>>>

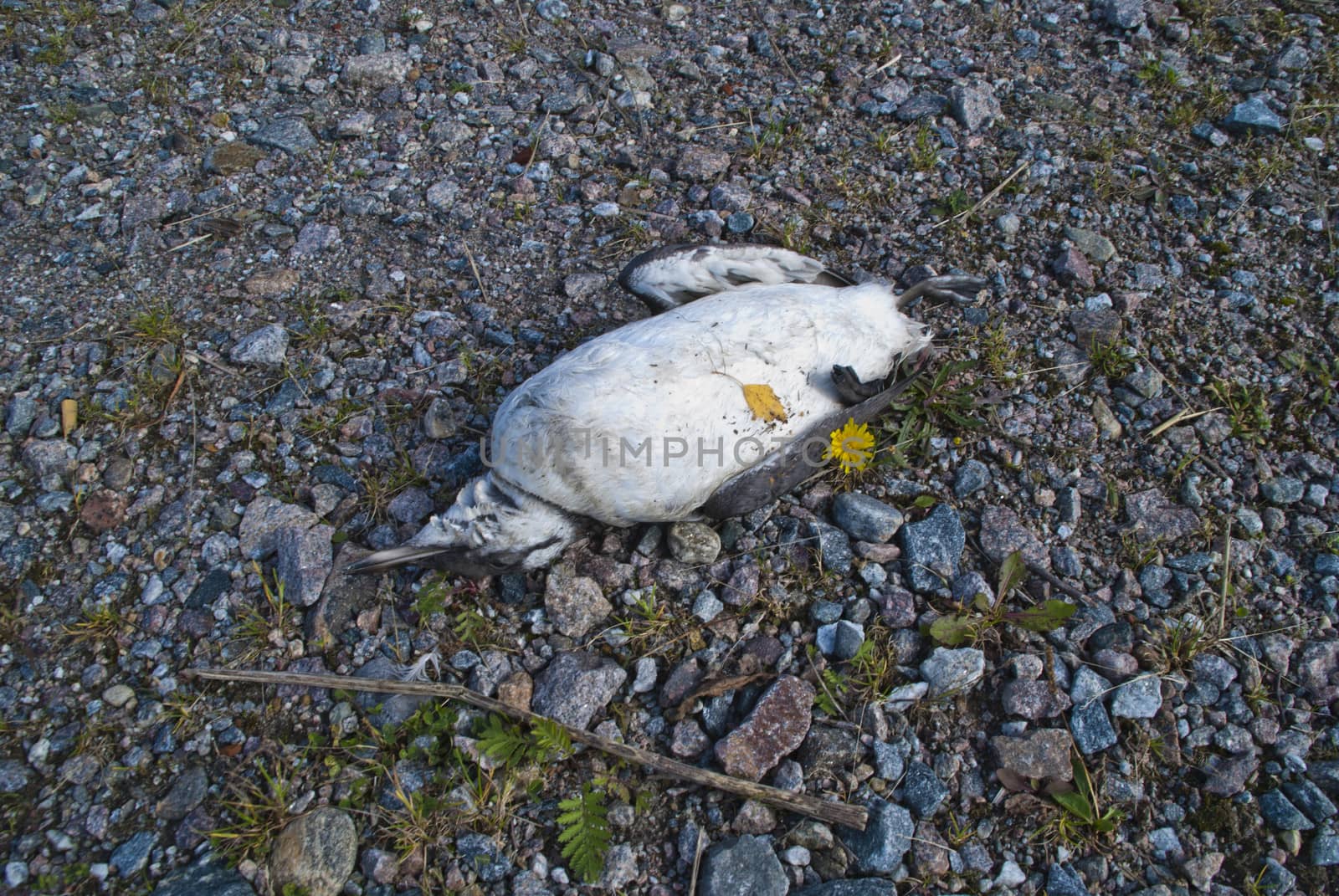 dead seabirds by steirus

<<<
>>>

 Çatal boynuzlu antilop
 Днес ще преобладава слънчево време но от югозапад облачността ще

<<<

WHAT IS BEING ASKED: Your task for the entries above: copy exactly the span starting with the line with "Çatal boynuzlu antilop" and going on through the line with "Днес ще преобладава", both lines included, and nothing else.

COMPLETED TASK:
 Çatal boynuzlu antilop
 Днес ще преобладава слънчево време но от югозапад облачността ще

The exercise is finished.